FWIW, I'm planning on waiting until head thaws before committing this.

  • Apply some review feedback.
sys/vm/uma_core.c
550

.There isn't much of a rationale for the specific weights here. I was thinking about the long (20s) update period relative to the lowmem period of 10s. I do agree that the estimate decays perhaps too quickly, and would consider giving more weight to the tail. I haven't been able to come up with workloads where the difference is measurable, though.

I would suggest saying these things explicitly in the comment at the head of the function.

899–906

Wouldn't resetting imin = imax = nitems effectively just throw away the history accumulated since the last update to wss? That could deflate the moving average.

Briefly, yes. However, given the long time period between wss updates, I would expect them to reconverge before the next wss update.

Essentially, my earlier comment pointed out a calculation error that can arise in one direction, resulting in a too large wss estimate. And, your followup points out an error that can arise in the other direction, leading to a too small wss estimate, if we reset the counts. I think that the difference between these two calculation errors is that the first will persist until the end of the time period and the second will likely disappear before the end of the time period.
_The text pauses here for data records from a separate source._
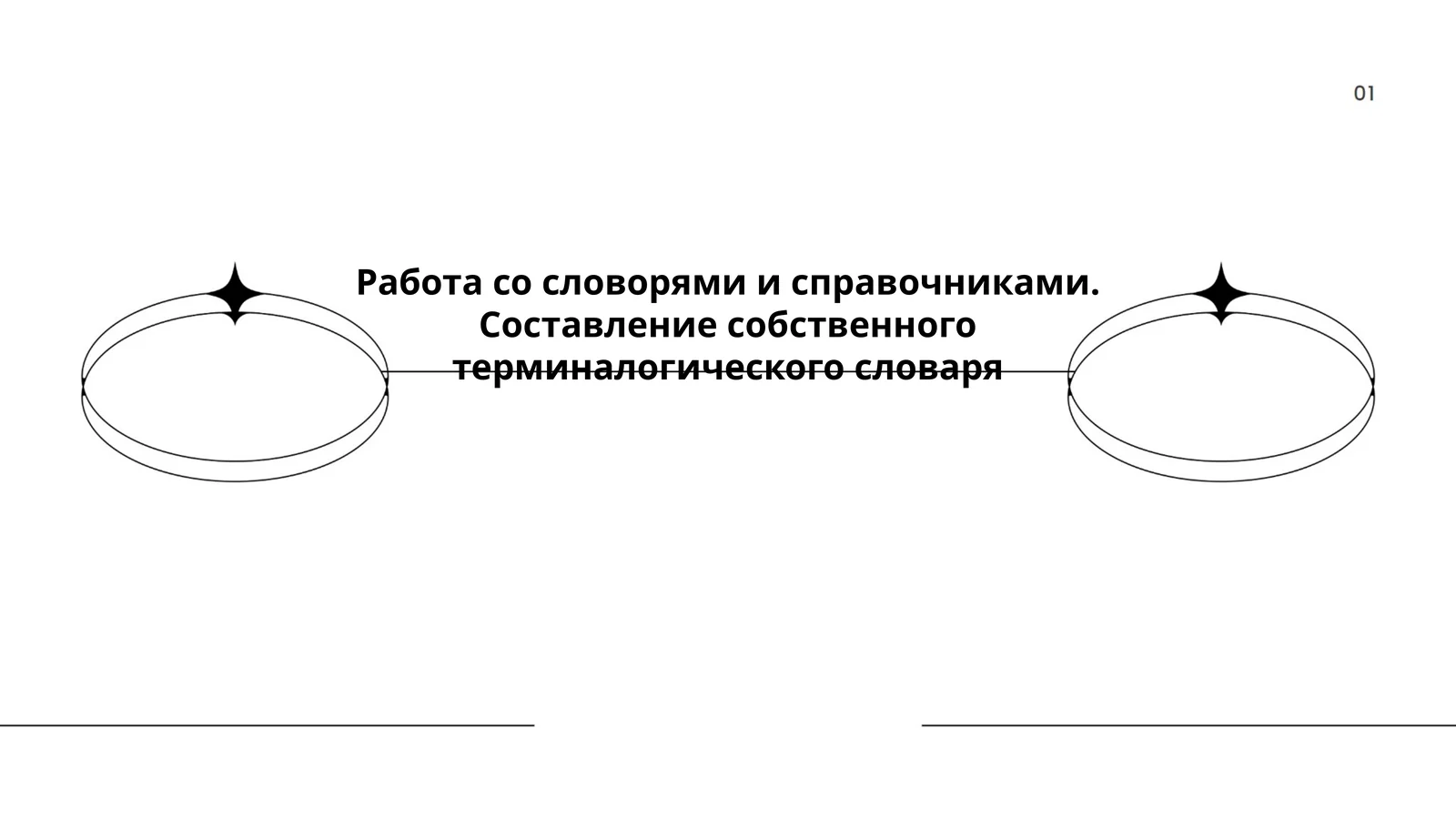 Работа со словорями и справочниками. Составление собственного терминалогического словаря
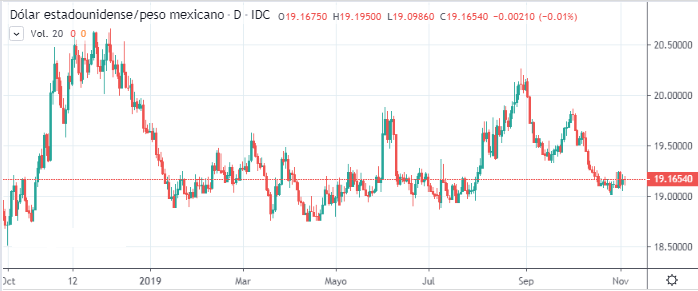 Nombre:  mxn 1.PNG
Visitas: 58
Tamao: 35.9 KB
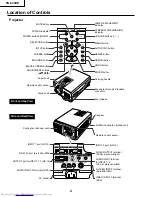 Предварительный просмотр 4 страницы Sharp PG-C30XE - Notevision XGA LCD Projector Service Manual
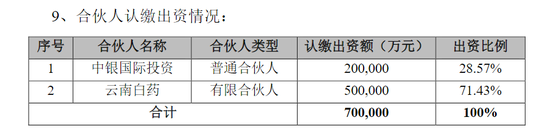 50億元！云南白藥大動(dòng)作！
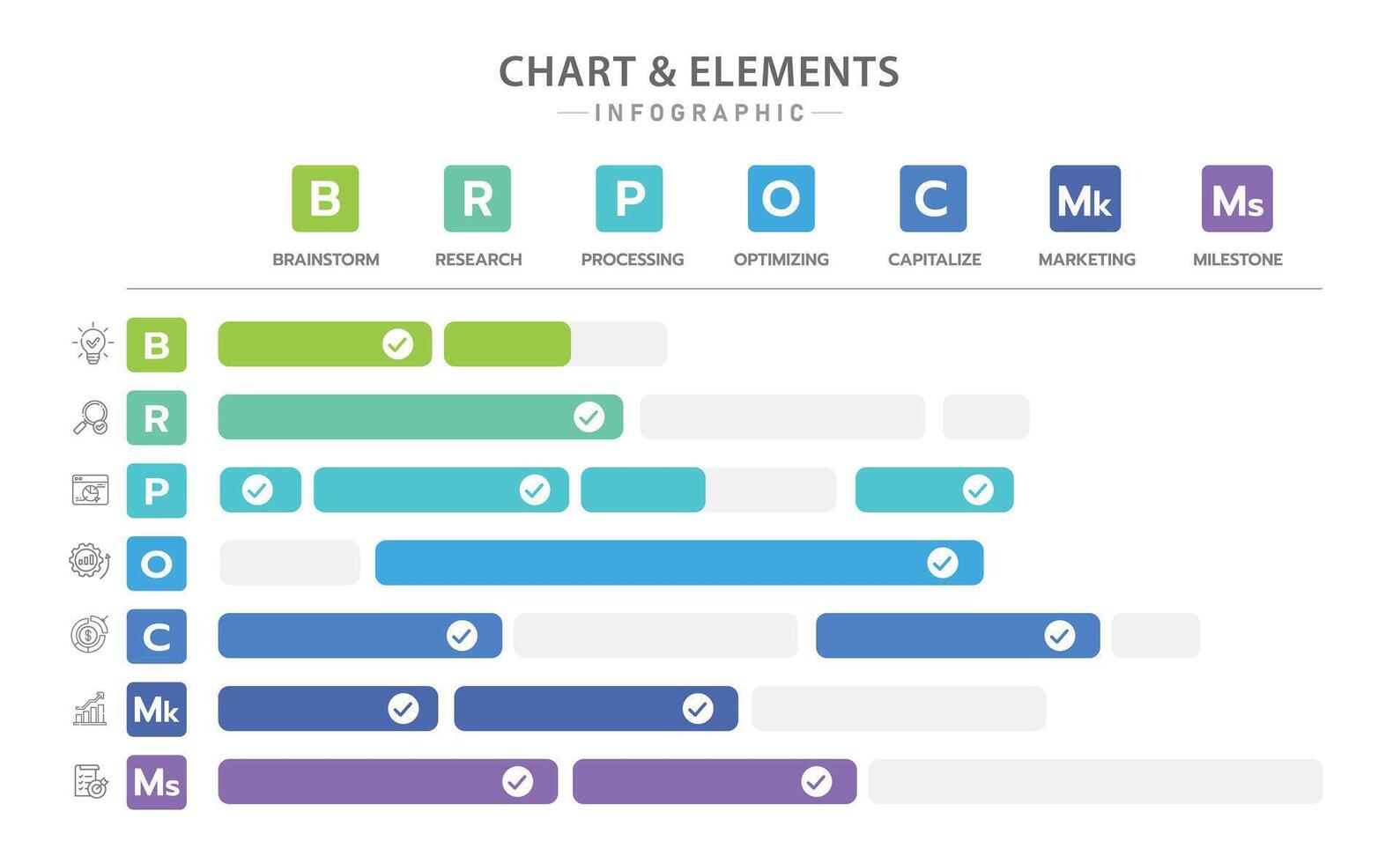 Chart and elements infographic. The chart is a visual representation of the elements of a project. The elements include brainstorming, research, testing, processing, optimizing, capitalizing vector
Could we, instead of freeing nitems - wss items when trimming, free MIN(imin, nitems - wss) items, and subtract the number of reclaimed items from both imin and imax so that all three of imin, imax and nitems are shifted by the same amount?

Yes, I like this much better. Do it. In particular, when the wss is growing, I think that ignoring the historical average is sound practice. Once you've done this, I would probably change the moving average calculation to be a more conventional (wss + 4 * zdom->uzd_wss) / 5.

My current patchset for UMA has something similar. I also have zone_put_bucket() although named differently, to keep accounting of all items for a zone in buckets. So this change goes in line with my changes. At Netflix we also run the vm_page_cache zone with certain bucket limit, instead of no buckets at all.

My current patchset for UMA has something similar. I also have zone_put_bucket() although named differently, to keep accounting of all items for a zone in buckets. So this change goes in line with my changes. At Netflix we also run the vm_page_cache zone with certain bucket limit, instead of no buckets at all.

Ok. I plan to get back to this soon, I just deferred it during the code freeze. Do you have any objection to committing my version?

markj added inline comments.
sys/vm/uma_core.c
899–906

(This discussion really applies to D16667 and will be handled there.)

This revision was not accepted when it landed; it landed in state Needs Review.Nov 13 2018, 7:45 PM
This revision was automatically updated to reflect the committed changes.